There's a whole blog post dedicated to exactly that.
Donna said: No questions...just this: between you and the crumb diaries, some days both your blogs either bring a huge smile of delight to my life OR a tear to my heart and a reminder that my dramas are not as bad as I think they are. SO PLEASE...Just keep blogging and THANKS for sharing your life.
Thank you! I love the crumb diaries so much, and to be paired with her is a huge honor for me. She is amazing, and has become a very good friend in this amazing world of blogging.
Andrea asked: What is your favorite thing to do for yourself? Get your nails done? Read a book? Watch a movie? What?
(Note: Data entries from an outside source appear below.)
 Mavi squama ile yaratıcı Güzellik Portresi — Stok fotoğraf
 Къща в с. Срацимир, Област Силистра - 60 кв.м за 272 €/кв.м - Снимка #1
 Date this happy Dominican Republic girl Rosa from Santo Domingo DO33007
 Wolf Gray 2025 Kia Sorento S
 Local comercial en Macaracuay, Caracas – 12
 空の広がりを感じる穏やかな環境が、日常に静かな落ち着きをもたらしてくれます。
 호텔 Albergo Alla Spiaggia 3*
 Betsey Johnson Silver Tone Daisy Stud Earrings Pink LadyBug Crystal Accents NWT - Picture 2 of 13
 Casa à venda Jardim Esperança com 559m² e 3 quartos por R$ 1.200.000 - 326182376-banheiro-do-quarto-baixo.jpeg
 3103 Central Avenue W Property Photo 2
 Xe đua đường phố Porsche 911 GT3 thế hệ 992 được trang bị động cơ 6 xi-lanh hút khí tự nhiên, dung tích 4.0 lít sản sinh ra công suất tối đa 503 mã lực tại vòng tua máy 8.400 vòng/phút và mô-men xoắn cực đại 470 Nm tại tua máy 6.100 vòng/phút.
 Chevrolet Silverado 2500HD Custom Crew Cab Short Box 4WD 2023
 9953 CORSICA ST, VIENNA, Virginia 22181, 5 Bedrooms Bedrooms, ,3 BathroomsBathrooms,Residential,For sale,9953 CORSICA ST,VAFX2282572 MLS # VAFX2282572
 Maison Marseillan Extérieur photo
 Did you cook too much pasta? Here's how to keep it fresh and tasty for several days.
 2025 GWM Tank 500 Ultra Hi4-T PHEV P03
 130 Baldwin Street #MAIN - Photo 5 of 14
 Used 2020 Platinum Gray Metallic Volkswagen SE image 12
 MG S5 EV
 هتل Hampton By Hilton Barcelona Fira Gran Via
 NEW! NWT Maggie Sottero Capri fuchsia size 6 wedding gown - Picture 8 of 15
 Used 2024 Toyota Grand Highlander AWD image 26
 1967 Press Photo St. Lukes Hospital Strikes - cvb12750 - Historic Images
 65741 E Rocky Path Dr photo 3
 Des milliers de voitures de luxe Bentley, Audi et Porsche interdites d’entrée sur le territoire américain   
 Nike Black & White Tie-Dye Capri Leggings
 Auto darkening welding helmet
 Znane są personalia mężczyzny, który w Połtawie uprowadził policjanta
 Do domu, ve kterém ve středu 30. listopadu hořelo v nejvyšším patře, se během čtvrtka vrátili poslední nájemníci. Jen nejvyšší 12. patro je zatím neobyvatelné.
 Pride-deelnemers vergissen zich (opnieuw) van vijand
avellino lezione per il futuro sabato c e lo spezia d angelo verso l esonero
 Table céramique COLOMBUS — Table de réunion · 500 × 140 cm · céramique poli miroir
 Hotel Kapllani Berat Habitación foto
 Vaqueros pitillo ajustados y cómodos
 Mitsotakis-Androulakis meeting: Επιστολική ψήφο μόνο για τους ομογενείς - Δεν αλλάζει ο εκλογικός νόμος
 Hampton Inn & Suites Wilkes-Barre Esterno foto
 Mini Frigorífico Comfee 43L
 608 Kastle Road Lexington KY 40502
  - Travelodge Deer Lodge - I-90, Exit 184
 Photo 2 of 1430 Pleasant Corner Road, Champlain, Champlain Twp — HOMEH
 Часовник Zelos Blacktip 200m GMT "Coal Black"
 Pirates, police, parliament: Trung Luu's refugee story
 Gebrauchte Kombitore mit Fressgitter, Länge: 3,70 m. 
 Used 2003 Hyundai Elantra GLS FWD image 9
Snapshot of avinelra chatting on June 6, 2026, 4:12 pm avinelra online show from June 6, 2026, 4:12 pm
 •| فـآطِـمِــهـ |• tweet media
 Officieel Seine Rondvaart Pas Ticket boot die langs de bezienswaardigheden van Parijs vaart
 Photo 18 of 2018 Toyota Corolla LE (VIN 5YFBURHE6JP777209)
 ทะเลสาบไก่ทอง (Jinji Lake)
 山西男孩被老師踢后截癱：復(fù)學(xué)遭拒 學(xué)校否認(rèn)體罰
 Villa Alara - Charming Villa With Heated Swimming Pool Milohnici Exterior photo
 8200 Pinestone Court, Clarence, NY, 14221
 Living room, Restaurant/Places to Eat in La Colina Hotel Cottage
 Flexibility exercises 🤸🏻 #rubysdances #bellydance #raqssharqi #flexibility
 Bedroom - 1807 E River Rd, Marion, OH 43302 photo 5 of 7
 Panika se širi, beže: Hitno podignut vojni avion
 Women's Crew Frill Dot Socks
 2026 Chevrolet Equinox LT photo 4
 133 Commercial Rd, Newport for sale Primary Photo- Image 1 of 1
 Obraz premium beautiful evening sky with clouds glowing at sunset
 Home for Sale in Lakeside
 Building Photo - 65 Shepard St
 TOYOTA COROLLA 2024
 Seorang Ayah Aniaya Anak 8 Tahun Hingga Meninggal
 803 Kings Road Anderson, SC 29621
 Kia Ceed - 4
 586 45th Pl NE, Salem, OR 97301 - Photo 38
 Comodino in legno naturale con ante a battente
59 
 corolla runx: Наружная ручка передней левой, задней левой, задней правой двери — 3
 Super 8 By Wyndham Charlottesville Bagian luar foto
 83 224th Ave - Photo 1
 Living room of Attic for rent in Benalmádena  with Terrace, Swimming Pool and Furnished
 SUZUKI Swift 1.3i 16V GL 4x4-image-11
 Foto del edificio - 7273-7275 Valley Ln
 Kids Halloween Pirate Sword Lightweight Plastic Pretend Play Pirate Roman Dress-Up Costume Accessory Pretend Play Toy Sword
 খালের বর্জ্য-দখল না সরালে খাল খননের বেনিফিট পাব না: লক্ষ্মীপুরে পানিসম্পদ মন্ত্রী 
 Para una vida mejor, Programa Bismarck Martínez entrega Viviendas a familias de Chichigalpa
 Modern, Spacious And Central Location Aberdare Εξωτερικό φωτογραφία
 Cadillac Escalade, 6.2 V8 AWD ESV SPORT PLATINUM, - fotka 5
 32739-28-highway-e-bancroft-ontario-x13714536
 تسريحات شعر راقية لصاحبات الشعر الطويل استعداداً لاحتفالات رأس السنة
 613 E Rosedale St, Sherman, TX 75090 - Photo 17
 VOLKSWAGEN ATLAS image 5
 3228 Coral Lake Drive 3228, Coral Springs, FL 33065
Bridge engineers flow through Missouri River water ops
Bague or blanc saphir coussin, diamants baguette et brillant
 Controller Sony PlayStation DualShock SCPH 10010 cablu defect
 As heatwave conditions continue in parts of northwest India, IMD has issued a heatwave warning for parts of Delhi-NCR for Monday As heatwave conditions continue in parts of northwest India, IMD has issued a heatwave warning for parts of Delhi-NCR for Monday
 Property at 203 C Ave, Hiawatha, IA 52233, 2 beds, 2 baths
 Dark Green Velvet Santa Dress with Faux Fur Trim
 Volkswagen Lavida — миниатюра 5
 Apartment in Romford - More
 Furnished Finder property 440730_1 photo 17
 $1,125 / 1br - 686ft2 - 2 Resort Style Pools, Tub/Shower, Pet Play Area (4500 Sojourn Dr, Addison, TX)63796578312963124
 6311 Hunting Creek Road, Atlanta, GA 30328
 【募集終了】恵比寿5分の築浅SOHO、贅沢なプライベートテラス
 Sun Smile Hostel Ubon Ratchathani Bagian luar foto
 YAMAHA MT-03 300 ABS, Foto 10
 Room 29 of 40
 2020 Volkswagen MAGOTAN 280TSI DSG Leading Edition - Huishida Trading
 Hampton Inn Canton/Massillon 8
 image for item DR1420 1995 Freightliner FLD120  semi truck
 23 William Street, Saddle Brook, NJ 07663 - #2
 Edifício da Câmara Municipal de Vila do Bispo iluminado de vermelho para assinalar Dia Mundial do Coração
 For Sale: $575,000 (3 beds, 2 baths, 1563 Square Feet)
I used to do my nails all of the time, but I can't even wear polish at work now so that's out of the question. I love to sew, but I haven't been able to touch my machine in months unless it was to fix something - I have so many projects started (and that I have to start) but I just haven't had the time. Boo.
So, that's it for this round. Sorry it took me so long to get to it, but you know, things are always crazy around here. I hate not blogging as much, but it's been so hard to find the time - I've actually been considering doing a few video blogs - that way I can say what I want to say while I'm driving or walking or doing the dishes or folding laundry or whatever - but with my horrible internet connection that might be more of a hassle than it's worth. I might try a short one in the next few days just to see how it works. Or I might not. We'll see.